Data for review:
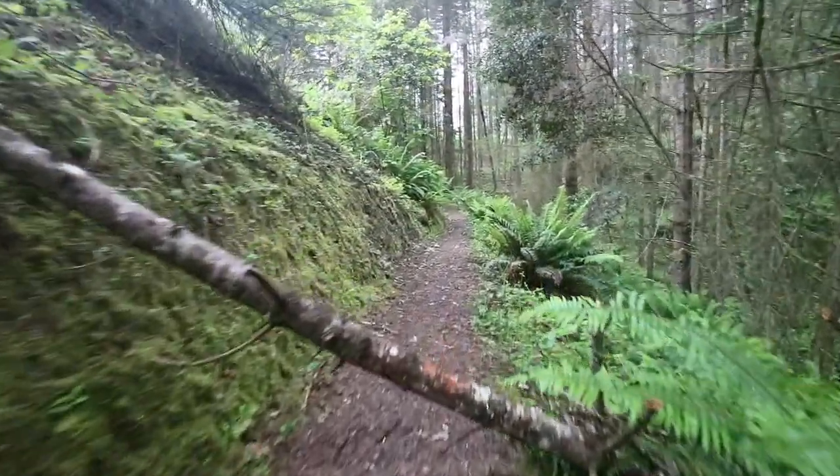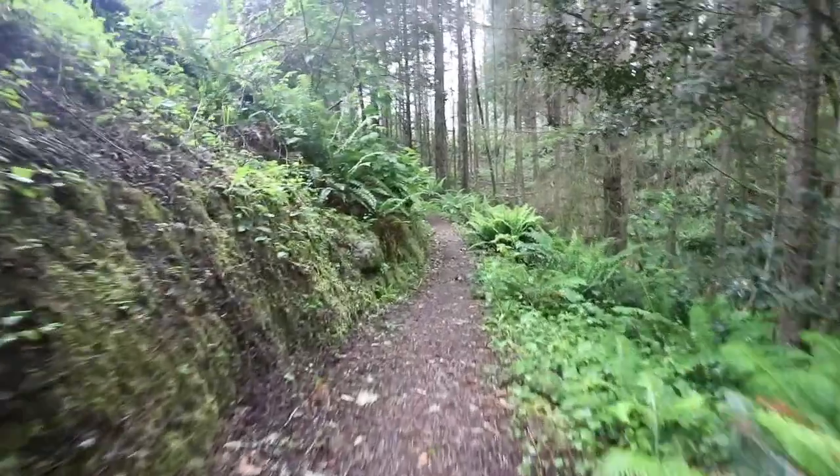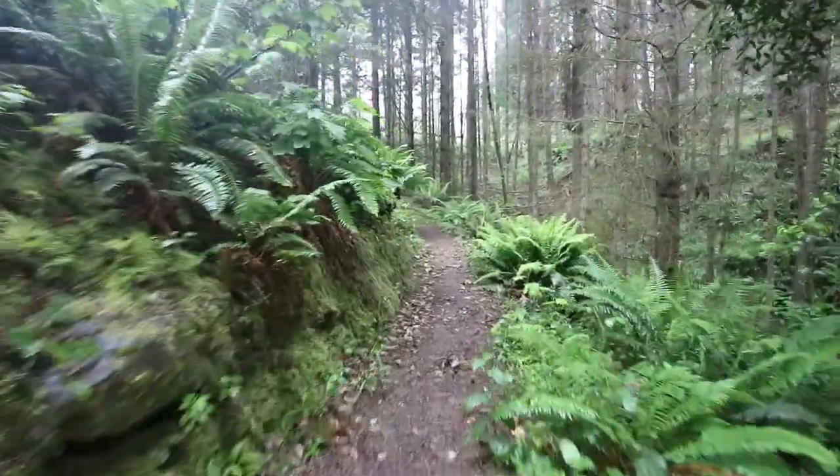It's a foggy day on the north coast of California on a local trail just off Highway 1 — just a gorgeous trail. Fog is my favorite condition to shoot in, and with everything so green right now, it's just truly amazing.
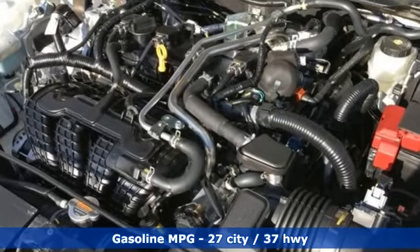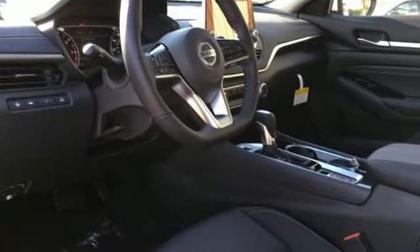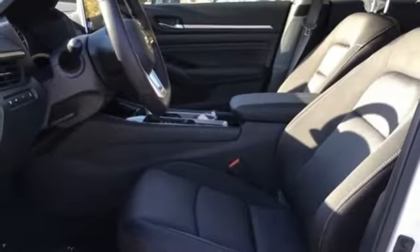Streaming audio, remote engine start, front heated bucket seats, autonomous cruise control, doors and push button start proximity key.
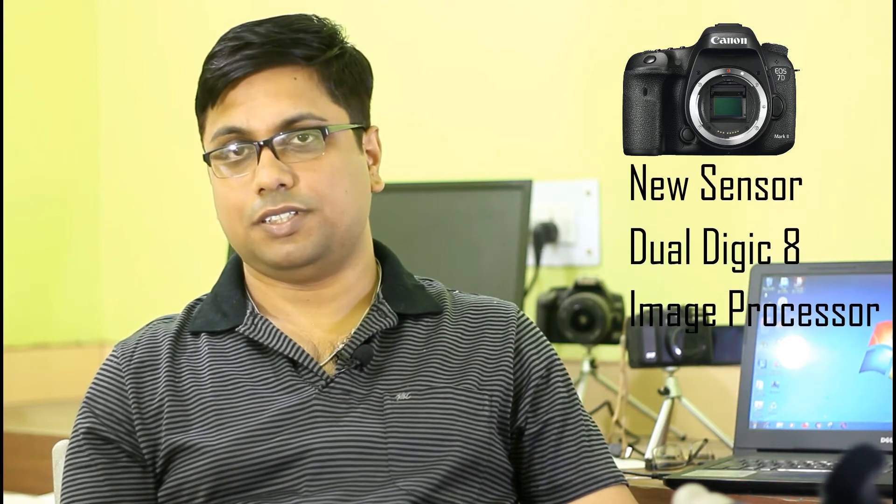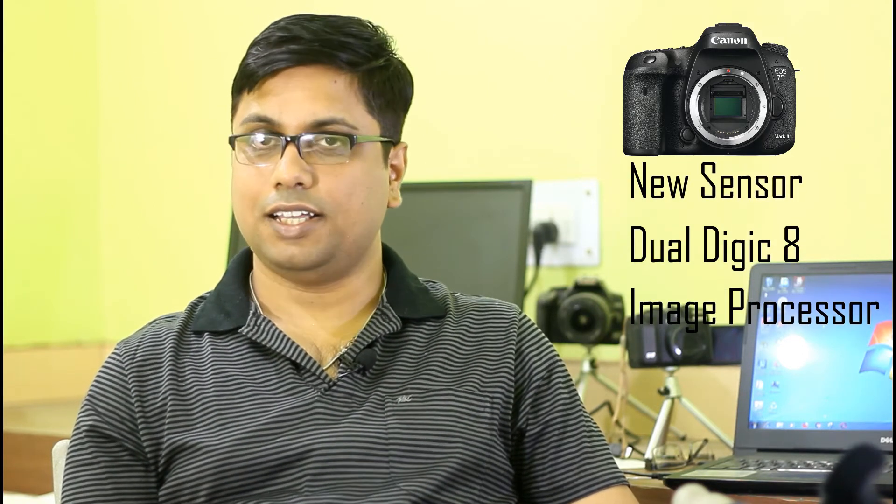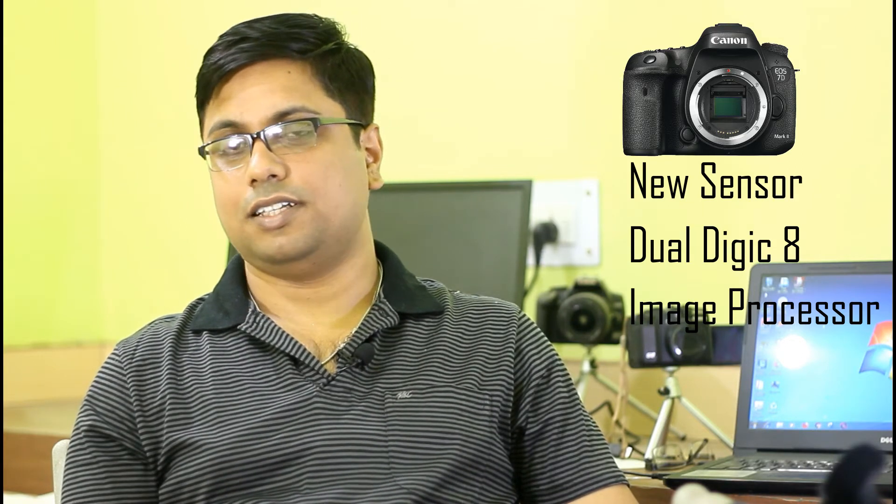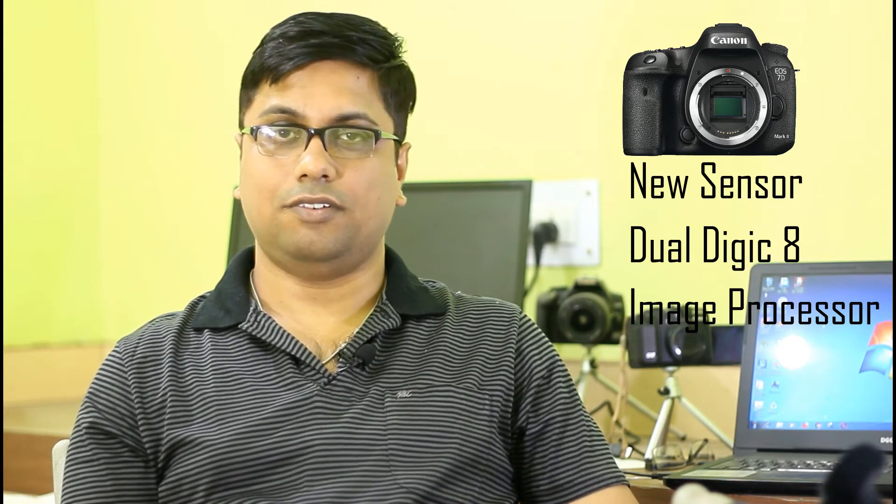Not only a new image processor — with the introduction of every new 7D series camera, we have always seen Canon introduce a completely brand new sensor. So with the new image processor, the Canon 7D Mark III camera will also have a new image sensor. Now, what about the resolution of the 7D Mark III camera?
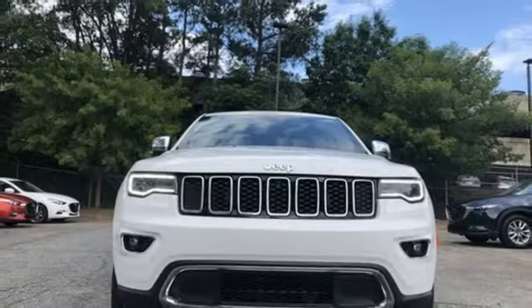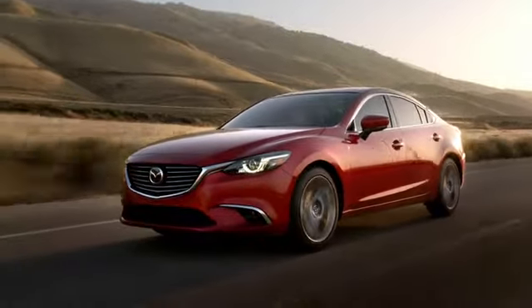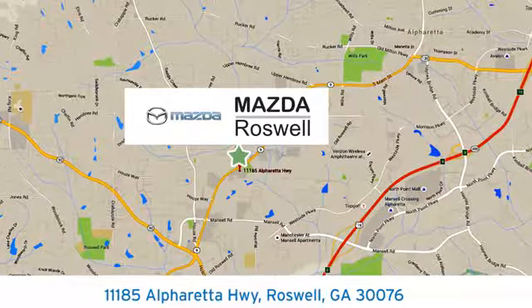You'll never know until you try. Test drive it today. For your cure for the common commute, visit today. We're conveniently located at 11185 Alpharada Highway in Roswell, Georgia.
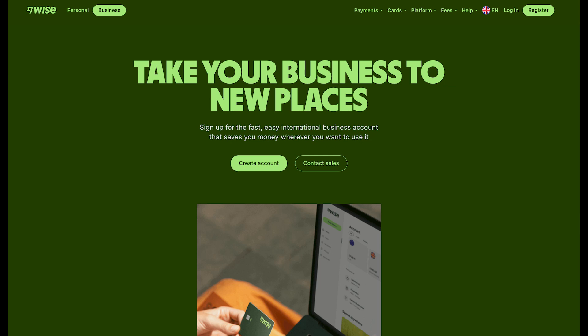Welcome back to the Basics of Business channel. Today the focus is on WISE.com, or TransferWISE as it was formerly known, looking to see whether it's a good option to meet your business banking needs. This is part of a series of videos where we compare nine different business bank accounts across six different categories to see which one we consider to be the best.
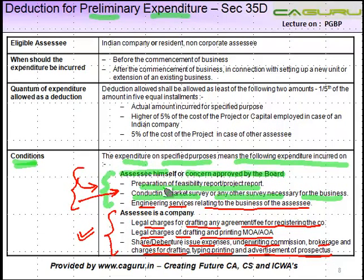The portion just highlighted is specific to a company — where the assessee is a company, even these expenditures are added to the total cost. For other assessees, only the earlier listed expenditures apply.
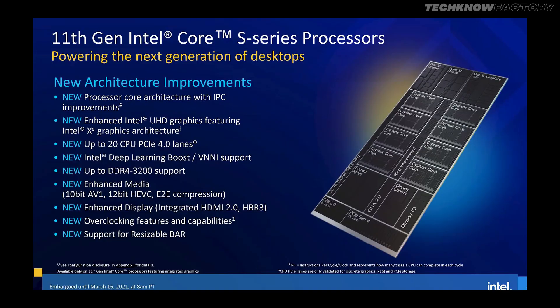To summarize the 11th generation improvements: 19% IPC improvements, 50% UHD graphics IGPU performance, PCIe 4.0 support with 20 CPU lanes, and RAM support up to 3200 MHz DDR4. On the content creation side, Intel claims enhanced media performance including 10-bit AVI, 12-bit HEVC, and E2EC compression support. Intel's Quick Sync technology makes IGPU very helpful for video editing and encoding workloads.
==
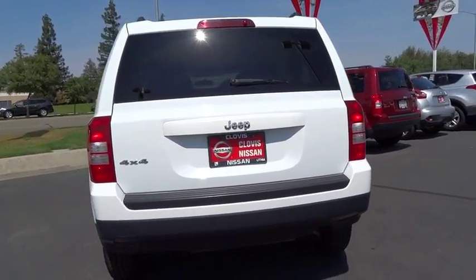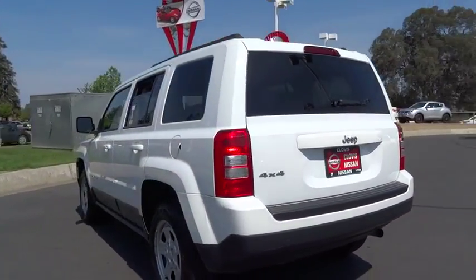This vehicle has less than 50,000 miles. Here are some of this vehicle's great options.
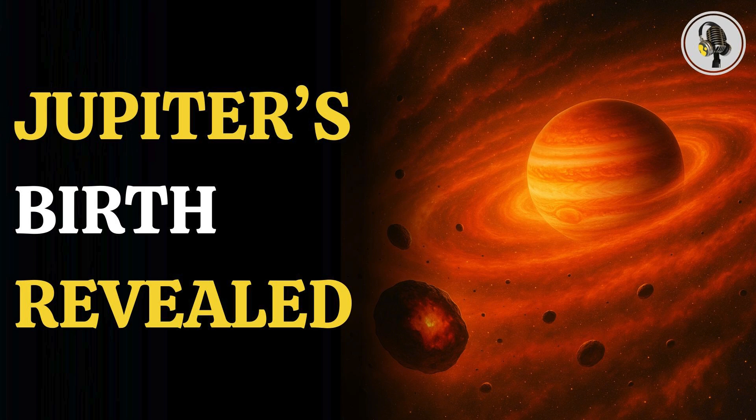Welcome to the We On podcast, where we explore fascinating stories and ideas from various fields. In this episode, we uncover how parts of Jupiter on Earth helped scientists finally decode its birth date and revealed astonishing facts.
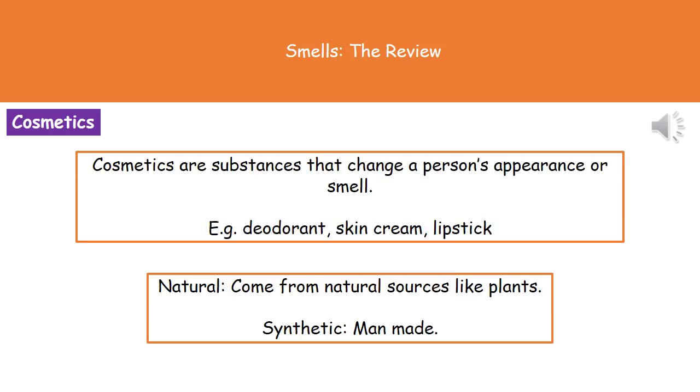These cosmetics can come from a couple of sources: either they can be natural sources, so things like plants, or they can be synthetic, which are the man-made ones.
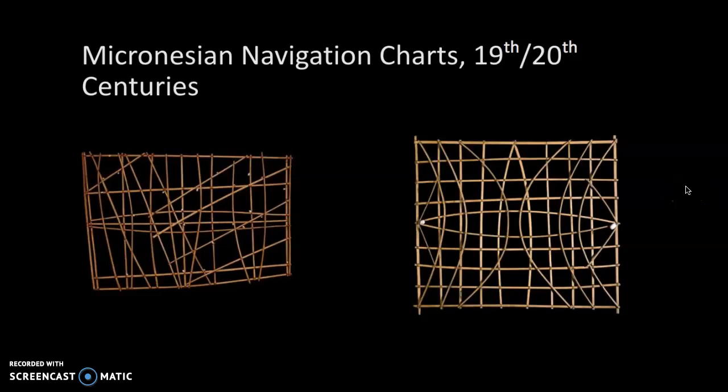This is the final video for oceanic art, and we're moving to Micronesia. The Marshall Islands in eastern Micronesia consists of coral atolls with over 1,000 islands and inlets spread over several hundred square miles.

Activity:
Using the listing above, repeat word for word each line from the one with "Welcome to the" down to the one with "These cosmetics can", both included. Omit all pictures.

Answer for the task:
Welcome to the We On podcast, where we explore fascinating stories and ideas from various fields. In this episode, we uncover how parts of Jupiter on Earth helped scientists finally decode its birth date and revealed astonishing facts.
These cosmetics can come from a couple of sources: either they can be natural sources, so things like plants, or they can be synthetic, which are the man-made ones.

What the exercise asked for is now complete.